- **Exercise inputs**
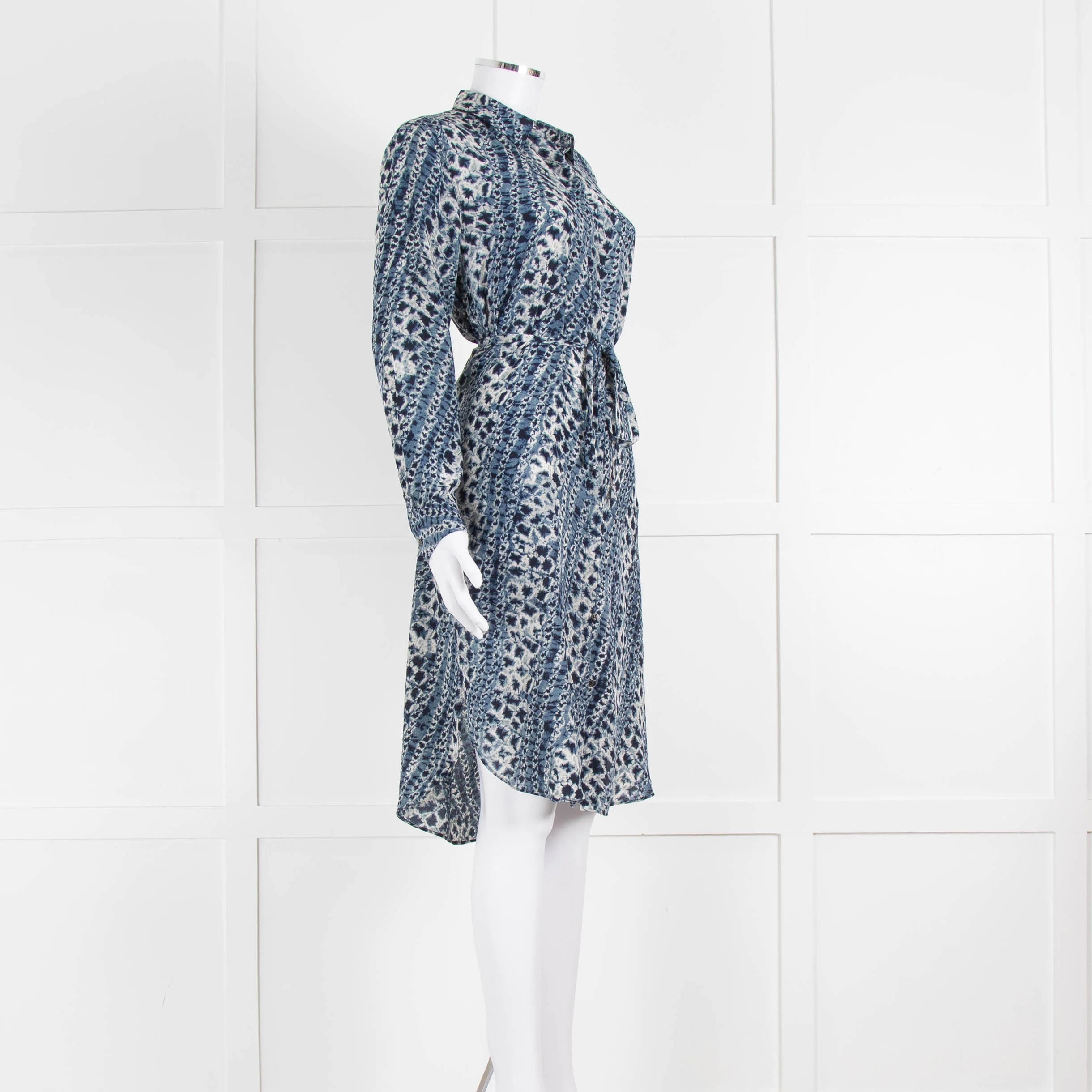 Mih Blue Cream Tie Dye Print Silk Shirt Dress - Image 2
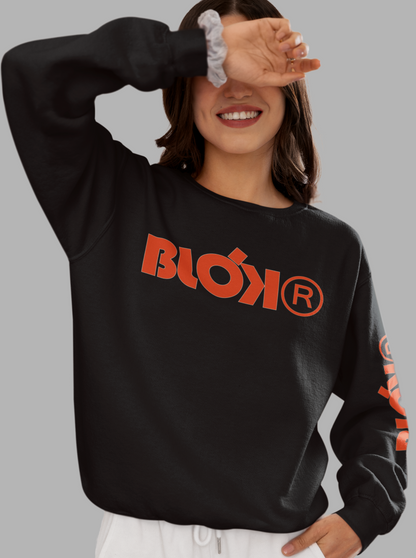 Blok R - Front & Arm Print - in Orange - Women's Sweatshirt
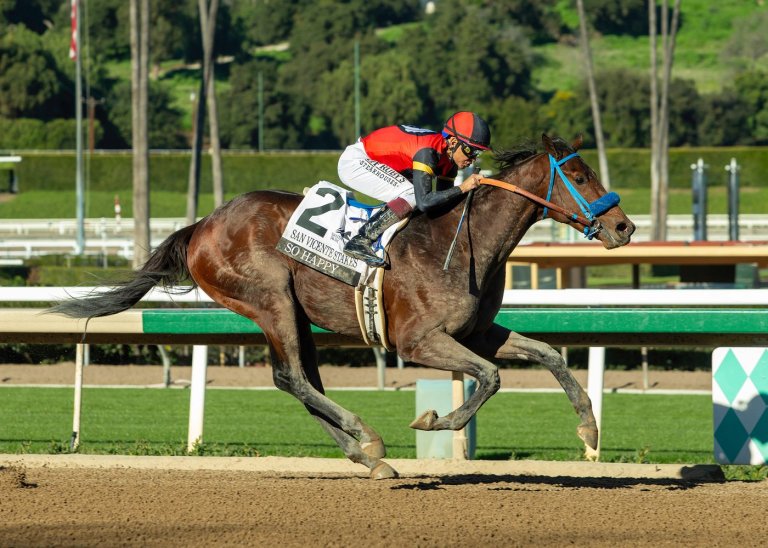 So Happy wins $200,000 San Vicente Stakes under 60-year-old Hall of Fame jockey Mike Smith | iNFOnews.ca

...

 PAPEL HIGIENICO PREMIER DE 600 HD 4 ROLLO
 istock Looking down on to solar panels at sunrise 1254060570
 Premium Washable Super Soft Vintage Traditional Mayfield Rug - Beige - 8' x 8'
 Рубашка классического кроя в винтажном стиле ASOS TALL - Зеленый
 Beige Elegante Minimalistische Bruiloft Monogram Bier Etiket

- **Required action**
Going back over the entries above, copy word for word every line from the one that has "PAPEL HIGIENICO PREMIER DE 600 HD 4 ROLLO" on through the one that has "Beige Elegante Minimalistische".

- **Response area**
 PAPEL HIGIENICO PREMIER DE 600 HD 4 ROLLO
 istock Looking down on to solar panels at sunrise 1254060570
 Premium Washable Super Soft Vintage Traditional Mayfield Rug - Beige - 8' x 8'
 Рубашка классического кроя в винтажном стиле ASOS TALL - Зеленый
 Beige Elegante Minimalistische Bruiloft Monogram Bier Etiket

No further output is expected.